Compare your average community not-for-profit childcare operation with the ABC attempt at an industrialised for-profit business. (It failed.)
For that matter, how has the outsourcing of affordable housing to private landlords and effectively freezing government social housing worked out? A national scandal.
And, closer to home, there’s always the example of profit-for-members industry superannuation funds and the profit-for-shareholders super funds that have a history of underperformance.
Profit margins
For companies like NIB, there always must be a juicy profit margin on top of the service sold to the punter.
For the past five years, NIB’s (mainly) private health insurance business – capitalism’s sheltered workshop with profit pretty much guaranteed by government – has averaged a net profit margin of 5.3 per cent. That’s after tax and spending plenty on marketing and acquisitions and diversification and very fat executive salaries.
That’s at least 5.3 per cent NIB’s not-for-profit competitors didn’t have to factor into what services they needed to trim and how much out-of-pocket they had to charge.
Outsourcing the NDIS – a government service – to boards and bonus-seeking executives of for-profit companies falls into the tired old neoliberal myth that “the private sector always does it better”.
‘Reform’ failures
Earlier this month, the Sydney Morning Herald’s venerable economics editor Ross Gittins gave a particularly fine speech to the ACT Economic Society that was subsequently printed in the Pearls and Irritations policy journal.
Among other things, Mr Gittins fingered the key fault with much of the reform push of recent decades:
“The problem has mainly been with privatisation, outsourcing and ‘contestability’ – ‘reforms’ largely motivated by the belief that the provision of services will always be done better by the private sector than the public sector.
“This is an article of faith for the Liberal Party, but also for too many econocrats. It has succeeded in making the public sector a lot smaller – and very much smaller than it would otherwise have been – but too often this has come at the cost of higher prices (electricity), fewer services and, particularly, lower-quality services, delivered by inadequately trained workers.
“This is true in aged care, child care and employment services.
“Contracting out to providers in ‘thin markets’ – a Productivity Commission euphemism for pretending there’s a market where none exists – is a big part of the reason for the blowout in the cost of the NDIS.
“The states’ TAFE systems needed shaking up, but opening up to cherry-picking private providers, plus general cost-cutting, has left us with an utterly inadequate technical education system.”
Wage theft
Gittins instanced wage theft and the banking royal commission as examples of even our biggest, most respectable firms being perfectly capable of breaking the law in their pursuit of profit.
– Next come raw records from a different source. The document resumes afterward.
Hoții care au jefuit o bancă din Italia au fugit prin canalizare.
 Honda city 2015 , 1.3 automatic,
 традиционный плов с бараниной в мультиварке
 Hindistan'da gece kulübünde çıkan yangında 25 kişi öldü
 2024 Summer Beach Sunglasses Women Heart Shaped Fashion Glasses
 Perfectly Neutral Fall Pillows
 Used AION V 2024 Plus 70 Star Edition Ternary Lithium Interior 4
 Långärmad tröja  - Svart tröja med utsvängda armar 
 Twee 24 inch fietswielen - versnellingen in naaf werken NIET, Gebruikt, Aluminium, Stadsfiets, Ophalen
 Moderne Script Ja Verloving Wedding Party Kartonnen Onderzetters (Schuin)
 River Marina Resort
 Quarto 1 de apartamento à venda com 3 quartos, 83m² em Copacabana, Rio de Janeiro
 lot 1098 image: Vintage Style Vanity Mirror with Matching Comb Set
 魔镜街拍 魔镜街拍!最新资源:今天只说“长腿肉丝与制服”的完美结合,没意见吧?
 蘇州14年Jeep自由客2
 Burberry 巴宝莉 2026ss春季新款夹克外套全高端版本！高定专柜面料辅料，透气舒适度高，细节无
“Everyone wants to take a bite out of the government,” he said.
“When business people are invited to sell to the government, dollar signs appear in their eyes. They put both hands into the public purse and pull out as much as they can possibly carry away. They think the government’s always an easy touch – and too often they’re right.
“The bureaucratic regulators of private providers have proved no match for business people on the make.”
Gittins made the case that the neoliberal “smaller government” push had simply failed.
“The move to private providers of publicly funded care has not led to any noticeable improvement in the efficiency with which those services are delivered,” he said.
“The plain truth is that any savings made by outsourcing services have come simply from sidestepping the good pay rates and conditions of the original workers.”
And here we go again.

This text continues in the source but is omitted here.